O retrato é talvez o mais poderoso gênero da história das artes visuais, com uma presença que se estende desde pelo menos o século 270 a.C. até os dias de hoje. O fascínio que exerce sobre a imaginação humana é único: continua a ser um elo privilegiado entre a razão e o espírito mágico, que não abandona a humanidade. Isso porque o retrato tanto se entrega ao olhar do observador como o observa atentamente, o que pode ser ao mesmo tempo reconfortante e ameaçador.
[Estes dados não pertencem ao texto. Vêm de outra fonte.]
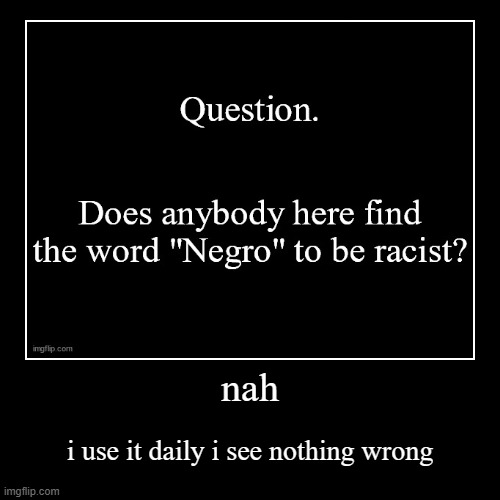 nah | i use it daily i see nothing wrong | image tagged in funny,demotivationals | made w/ Imgflip demotivational maker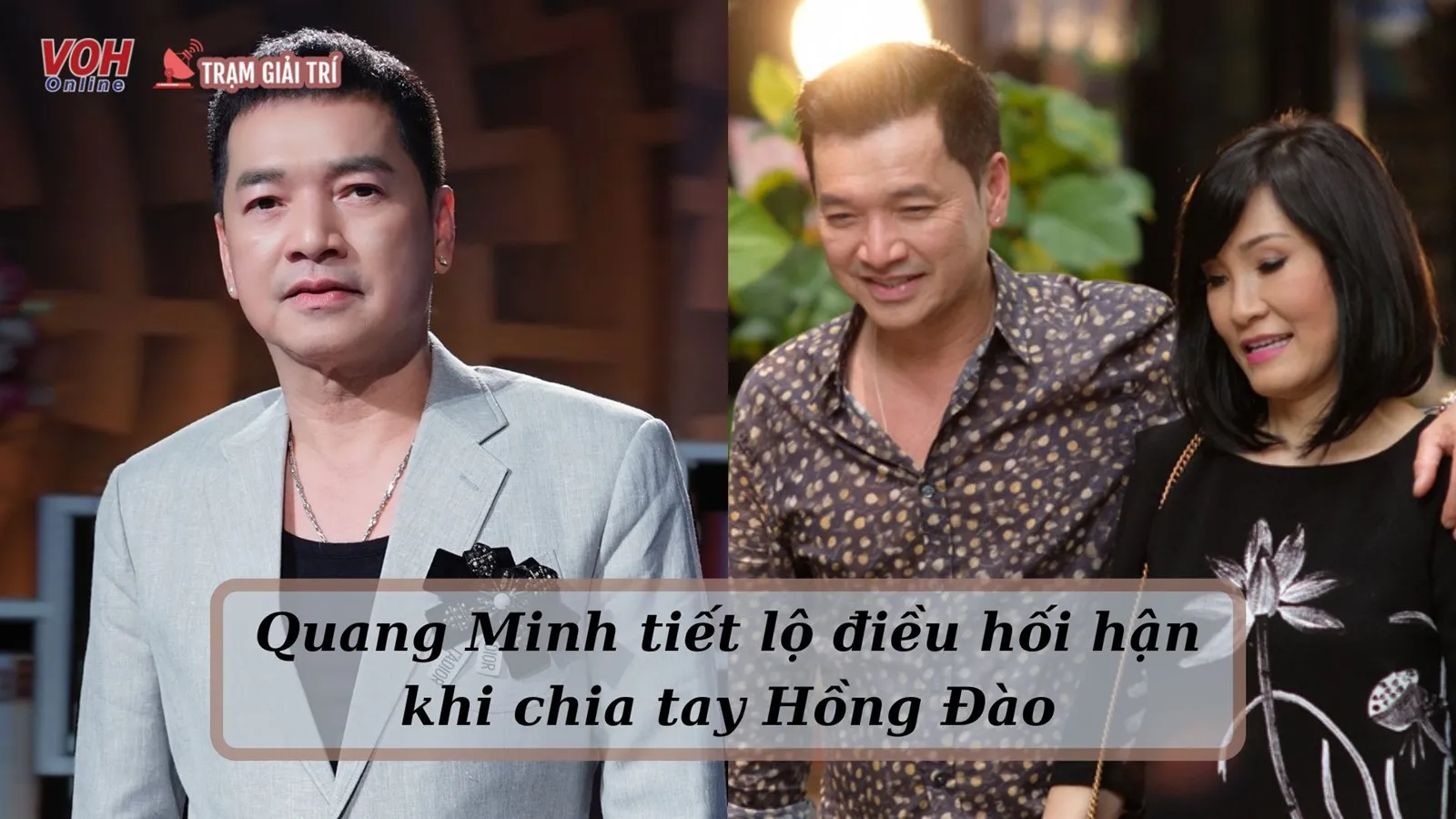 Quang Minh chia sẻ về cuộc hôn nhân đổ vỡ với Hồng Đào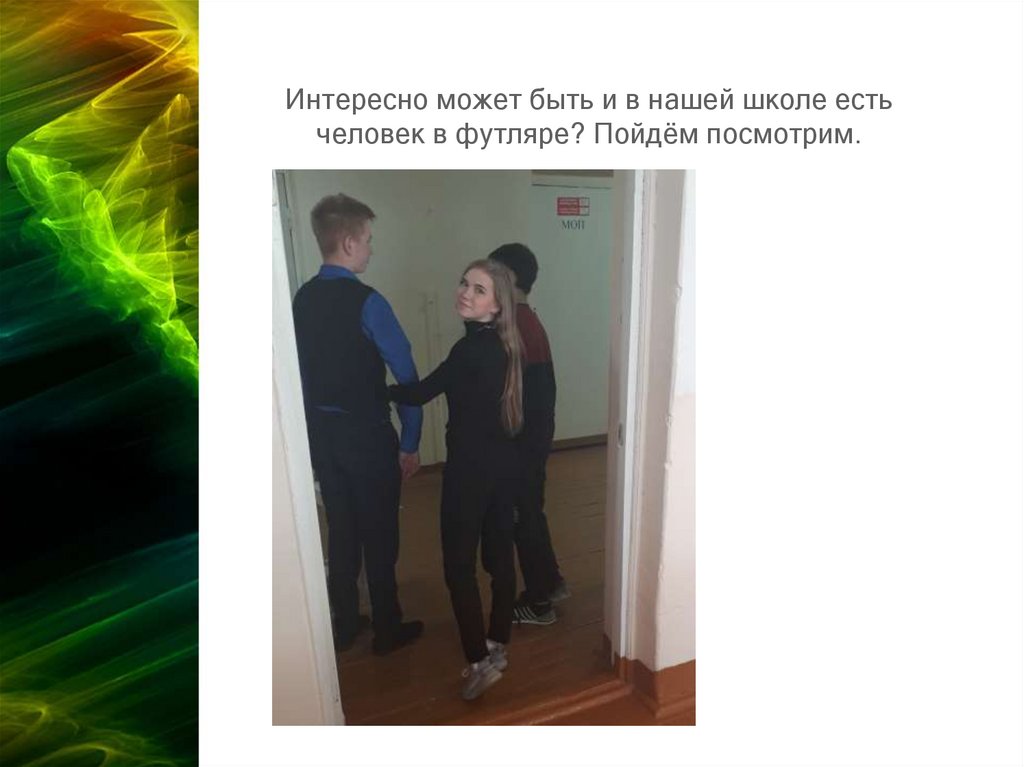 Интересно может быть и в нашей школе есть человек в футляре? Пойдём посмотрим.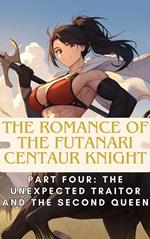 The Romance of the Futanari Centaur Knight: The Unexpected Traitor and the Second Queen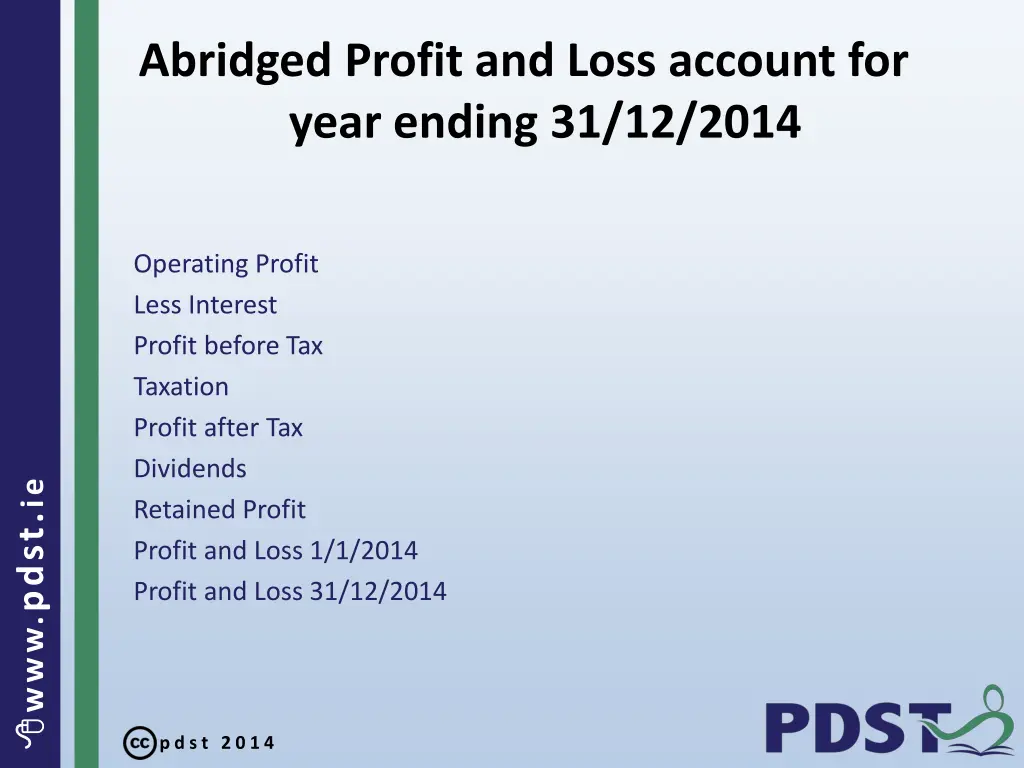 abridged profit and loss account for year ending
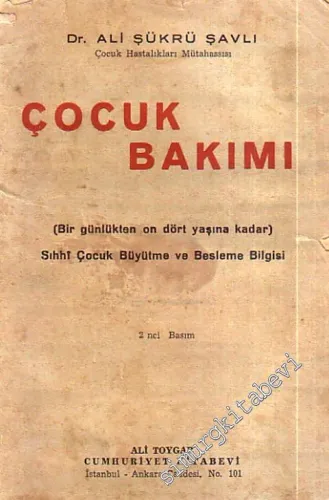 Çocuk Bakımı Bir Günlükten On Dört Yaşına Kadar -        1944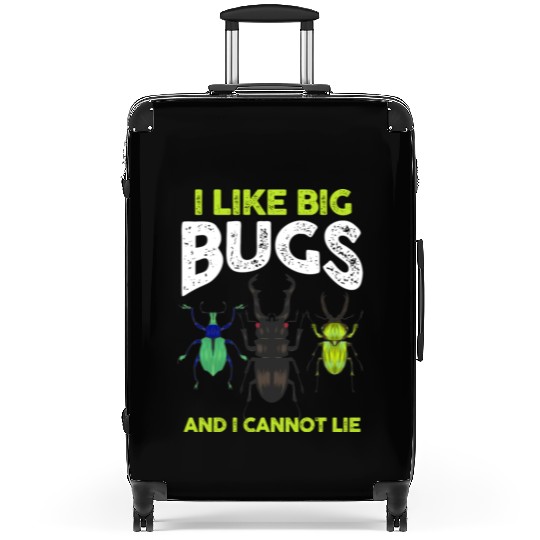 Bug Lover Entomologists I Like Big Bugs And I Suitcases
As culturas ditas primitivas não deixam de ter razão quando instruem seus membros a negarem-se ao olho da câmera: não é só a aparência do fotografado que a máquina captura, mas também seu espírito, sua essência. O retrato é, assim, um constante exercício de psicologia social e individual.
O RETRATO DA POMPA
Os primeiros retratos autônomos (que não mais são parte da arquitetura) surgem no século 13 e ganham impulso com a invenção da portátil tela de pano como suporte (o mais antigo exemplo da pintura sobre tela é uma madona de 1410). Os retratos deste grupo são ditos “de aparato”. A imagem construída pelo artista deve ser impressionante, o retratado é mostrado como alguém especial, subtraído quase aos acidentes do efêmero. Daí serem de certo modo atemporais: não fosse pelas roupas (retratos de mulheres despidas sempre foram aceitáveis mas de homens nus, depois dos tempos clássicos, só na arte contemporânea), que ajudam a configurar e situar os que as envergam, os retratados quase estariam fora de um lugar e de uma época determinados.
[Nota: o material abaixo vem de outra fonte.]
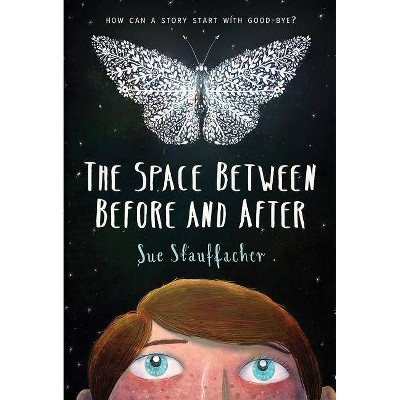 The Space Between Before and After - by  Sue Stauffacher (Hardcover)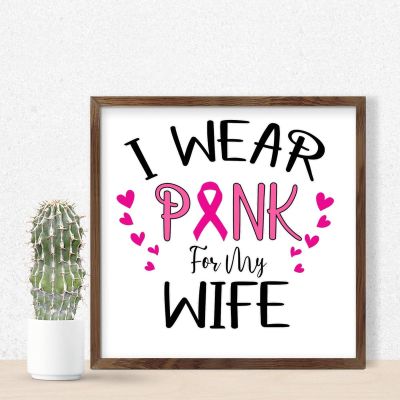 Personalized Wood-Framed Sign "I Wear Pink for Wife," Home Decor for Porch, Hanging Rustic Wood Sign, Breast Cancer Survivor, Gifts for Women, Bathroom Wall Decor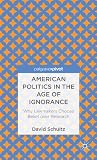American politics in the age of ignorance : why lawmakers choose belief over research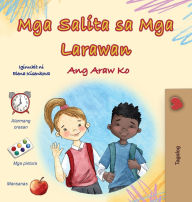 Title: Words in Pictures - My Day (Tagalog Children's Book), Author: Kidkiddos Books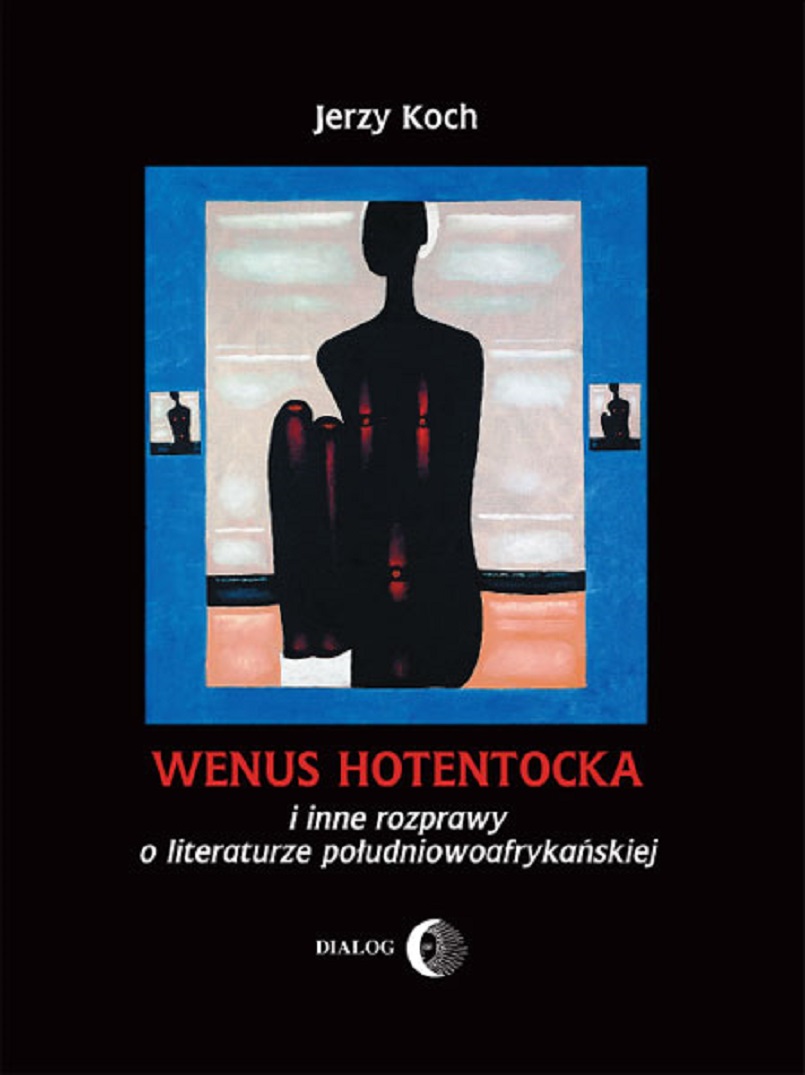 Wenus Hotentocka. i inne rozprawy o literaturze południowoafrykańskiej — okładka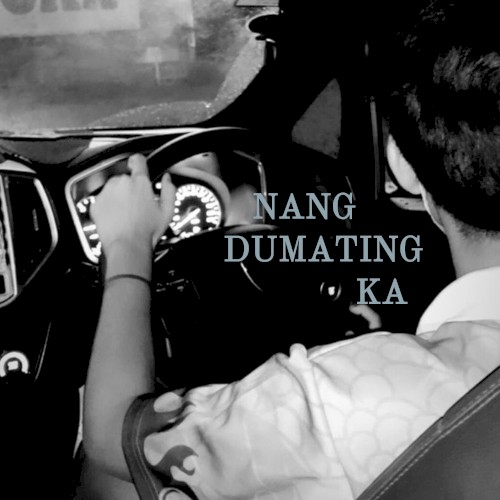Nang Dumating Ka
São exemplares neste sentido os retratos assinados por Goya, Van Dyck ou Hals: os retratados estão sobre fundo neutro e se deixam ver em poses hieráticas, afirmativas, quer apareçam de corpo inteiro ou de meio corpo. São retratos de pessoas e também de alguma coisa, sobretudo do poder.
Os primeiros retratos foram os da realeza, do alto clero e da aristocracia, donde serem naturalmente “de aparato” (no Renascimento surgem os retratos das pessoas mais comuns ou, em todo caso, os burgueses). Como toda pintura de gênero, o que primeiro se retrata aqui é o próprio código a que a obra pertence – no caso, a própria pompa, a ideia da pompa; o retratado é meio para pintar-se a pompa em si mesma. O retratado existe porque a pompa existe.
O RECURSO À CENA
Os retratos deste grupo apresentam seus modelos junto a alguma coisa, fazendo alguma coisa, representando alguma coisa: compõem, com as outras pessoas ou coisas representadas, uma cena que lhes empresta ou sugere uma qualidade própria. De algum modo, todo retrato compõe uma cena, em particular os retratos de aparato; aqui, porém, a cena é mais explícita e ampla e a narrativa que propõe é mais extensa, se não mais complexa. Várias das obras deste grupo relacionam-se àquelas exibidas entre os retratos da pompa, enquanto outras, em número não menor, remetem-se ao grupo dos retratos modernos, de que poderiam fazer parte com igual propriedade.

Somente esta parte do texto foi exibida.